Relative Free Energy for (Unnatural) Amino Acids

Relative Free Energy for (Unnatural) Amino Acids calculates the difference in solvation free energy between two short peptide sequences in water, reported as a free energy in kcal/mol.

Solvation free energy is the energy change when a molecule is moved from a vacuum into water. It tells you how comfortable the peptide is in water. This is the same calculation as Relative Free Energy, but you provide peptide sequences instead of SMILES strings, and you can swap in unnatural amino acids that are not one of the twenty standard ones.

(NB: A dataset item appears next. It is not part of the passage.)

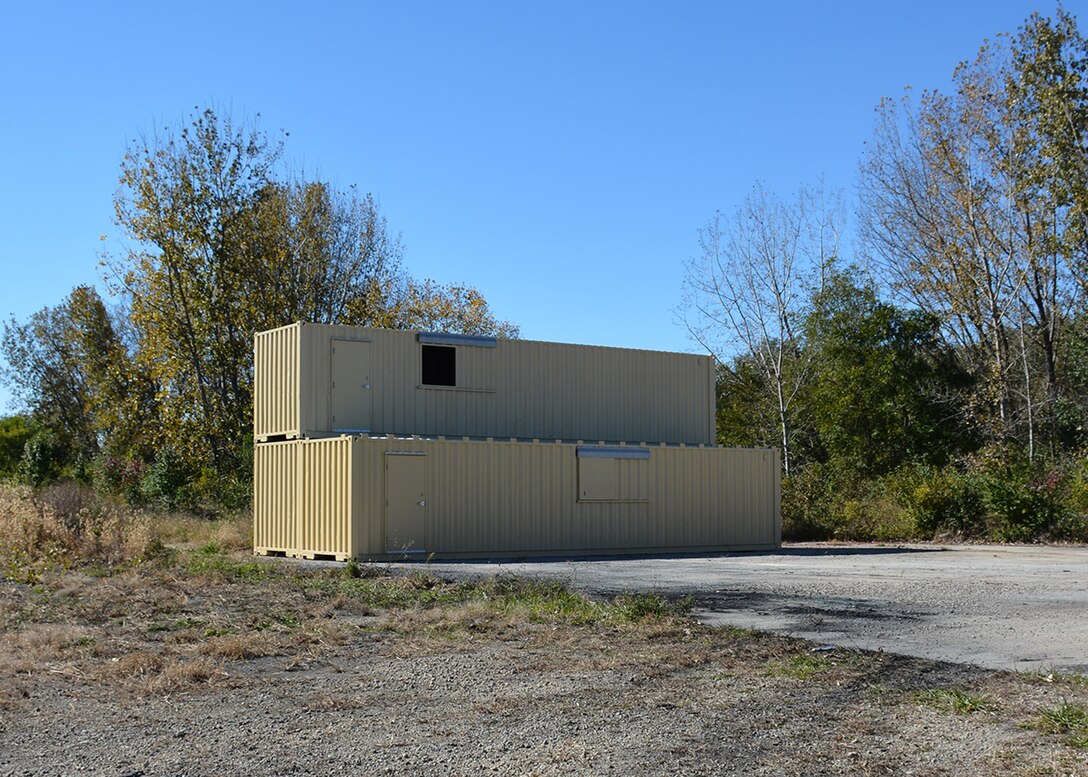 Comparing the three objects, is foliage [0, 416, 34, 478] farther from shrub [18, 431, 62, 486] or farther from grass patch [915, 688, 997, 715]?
grass patch [915, 688, 997, 715]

You can write a natural amino acid with its usual one letter code, for example GAG. For an unnatural amino acid you have three choices: a library name in angle brackets such as <pF-Phe>, a SMILES string in angle brackets such as <NC(C)(C)C(=O)O>, or a lowercase placeholder letter that you spell out separately using uaa_map, for example GxG together with uaa_map set to {"x": "pF-Phe"}. The built in library names are pF-Phe, oF-Phe, mF-Phe, Sar, and N-Me-Ala.

It works by gradually morphing the first peptide into the second one inside water, an alchemical transformation, and measuring the free energy change along the way. Because the two peptides are similar, much of the calculation cancels out, which makes the result both cheaper to compute and more precise than running each one separately.

When to use it

Use it when you are designing peptides and want to see how swapping one residue, often for an unnatural amino acid, changes how well the peptide sits in water. The two sequences should differ by only a small change so the morph from one to the other is well defined. If you are comparing ordinary small molecules rather than peptides, use Relative Free Energy instead.

Inputs

Input	Required	What it is
`sequence_a`	yes	The first peptide sequence. Use uppercase one letter codes for natural amino acids (for example `GAG`). For unnatural amino acids use a library name in angle brackets, a SMILES string in angle brackets, or a lowercase placeholder spelled out with `uaa_map`.
`sequence_b`	yes	The second peptide sequence, written the same way as the first.
`uaa_map`	no	A mapping from placeholder letters to unnatural amino acid names or SMILES, for example `{"x": "pF-Phe"}`. Only needed if you used lowercase placeholders in your sequences.
`assign_protonation_states`	no, default `true`	Protonates both peptides automatically at the given pH. Turn off if your inputs are already protonated.
`ph`	no, default `7.0`	pH used to decide the protonation state.
`equil_length`	no, default `0.08` ns	Equilibration length per replica, in nanoseconds.
`prod_length`	no, default `0.4` ns	Production length per replica, in nanoseconds.
`platform`	no, default `CUDA`	Compute platform, one of `CUDA`, `OpenCL`, `CPU`, or `Reference`.
`protocol_repeats`	no, default `3`, minimum `1`	Number of independent repeats used for the uncertainty estimate. More repeats give a smaller uncertainty.
`keep_dirs`	no, default `true`	Preserves the full simulation outputs so you can download them.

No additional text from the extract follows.